During the fellowship, I will further develop Tell Me What I'm Remembering - a multidisciplinary project that explores the fragility and fluidity of memory through the lens of a hidden childhood illness. By engaging with the UCL community, particularly through the Centre for Health Humanities and the Institute of Advanced Studies, I aim to provide fresh insights into the psychological, philosophical, and ethical layers of memory, illness, and care.  My work, attuned to the theme of "Care and Distress," interrogates the affective dimensions of fragmented memories, the ethics of caregiving and withholding medical truths, and the visceral, sensory experiences of illness and its lingering aftermath.

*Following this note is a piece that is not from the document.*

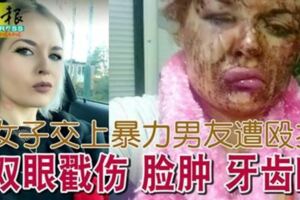 悲！女子交上暴力男友遭毆打雙眼戳傷臉腫牙齒斷！身心靈遭折磨傷害！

I am particularly interested to explore how a personal narrative of a concealed illness can resonate with broader cultural and medical discourses, opening up new perspectives on the ways in which we construct, distort, and preserve memories in the context of health and trauma. By uncovering layers of personal and collective memory that often remain inaccessible, and by engaging with the lived experience of health and care, I look forward to working with researchers and collaborators to expand conceptual frameworks for understanding memory as a narrative-constructing process shaped by social, cultural, and medical contexts. Through these interdisciplinary encounters, I hope to demonstrate creative practice as a powerful tool for uncovering, interrogating, and transforming our experiences of illness and healing.